■ **Exercise goal**
Starting with the line that contains "Awantura na spotkaniu", copy every line through the end of the data below, exactly and with nothing added.

■ **Entries supplied**
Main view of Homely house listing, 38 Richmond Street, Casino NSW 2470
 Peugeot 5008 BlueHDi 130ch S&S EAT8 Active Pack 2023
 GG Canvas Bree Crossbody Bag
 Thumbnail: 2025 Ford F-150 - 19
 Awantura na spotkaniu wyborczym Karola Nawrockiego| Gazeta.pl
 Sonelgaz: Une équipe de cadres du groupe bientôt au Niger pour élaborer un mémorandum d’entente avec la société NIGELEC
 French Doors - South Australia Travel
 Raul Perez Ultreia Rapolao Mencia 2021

■ **Output of the task**
 Awantura na spotkaniu wyborczym Karola Nawrockiego| Gazeta.pl
 Sonelgaz: Une équipe de cadres du groupe bientôt au Niger pour élaborer un mémorandum d’entente avec la société NIGELEC
 French Doors - South Australia Travel
 Raul Perez Ultreia Rapolao Mencia 2021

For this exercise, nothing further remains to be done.